- **Activity**:
If a line in the data below contains "Style", copy it.

- **Data shown**:
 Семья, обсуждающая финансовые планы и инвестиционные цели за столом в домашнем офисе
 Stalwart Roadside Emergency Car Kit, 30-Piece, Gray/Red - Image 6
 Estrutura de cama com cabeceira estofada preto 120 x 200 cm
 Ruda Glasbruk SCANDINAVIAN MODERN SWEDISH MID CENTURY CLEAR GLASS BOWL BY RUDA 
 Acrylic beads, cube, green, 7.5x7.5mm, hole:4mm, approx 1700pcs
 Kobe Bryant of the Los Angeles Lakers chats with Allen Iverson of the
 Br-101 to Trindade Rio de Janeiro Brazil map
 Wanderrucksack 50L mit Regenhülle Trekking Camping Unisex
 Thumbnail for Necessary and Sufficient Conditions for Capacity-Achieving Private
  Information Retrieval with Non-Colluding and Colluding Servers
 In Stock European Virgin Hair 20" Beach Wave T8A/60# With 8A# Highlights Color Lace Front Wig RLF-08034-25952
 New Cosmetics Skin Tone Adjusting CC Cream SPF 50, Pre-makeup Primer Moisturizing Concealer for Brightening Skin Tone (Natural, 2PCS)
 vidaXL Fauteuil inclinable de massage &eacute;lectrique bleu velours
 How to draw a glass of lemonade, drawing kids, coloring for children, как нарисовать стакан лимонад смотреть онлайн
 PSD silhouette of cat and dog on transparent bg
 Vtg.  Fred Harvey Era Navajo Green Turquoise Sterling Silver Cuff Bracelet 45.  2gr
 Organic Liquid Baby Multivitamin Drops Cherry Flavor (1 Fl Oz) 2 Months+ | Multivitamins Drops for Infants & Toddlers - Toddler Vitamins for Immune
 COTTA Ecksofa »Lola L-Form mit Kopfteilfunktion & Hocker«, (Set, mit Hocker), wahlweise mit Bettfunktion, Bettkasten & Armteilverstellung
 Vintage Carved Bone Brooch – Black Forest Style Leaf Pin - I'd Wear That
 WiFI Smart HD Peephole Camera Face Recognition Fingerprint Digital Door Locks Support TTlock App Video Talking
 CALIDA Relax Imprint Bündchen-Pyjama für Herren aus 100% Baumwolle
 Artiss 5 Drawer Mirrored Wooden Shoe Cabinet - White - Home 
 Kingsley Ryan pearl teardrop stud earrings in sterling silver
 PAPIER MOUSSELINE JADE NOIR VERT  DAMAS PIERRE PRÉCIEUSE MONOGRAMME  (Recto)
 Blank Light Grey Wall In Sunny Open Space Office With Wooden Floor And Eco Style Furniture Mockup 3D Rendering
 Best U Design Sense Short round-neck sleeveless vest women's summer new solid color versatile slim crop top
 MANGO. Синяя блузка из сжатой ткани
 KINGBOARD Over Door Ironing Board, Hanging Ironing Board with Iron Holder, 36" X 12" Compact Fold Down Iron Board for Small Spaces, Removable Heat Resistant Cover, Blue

- **Your solution**:
 Vintage Carved Bone Brooch – Black Forest Style Leaf Pin - I'd Wear That
 Blank Light Grey Wall In Sunny Open Space Office With Wooden Floor And Eco Style Furniture Mockup 3D Rendering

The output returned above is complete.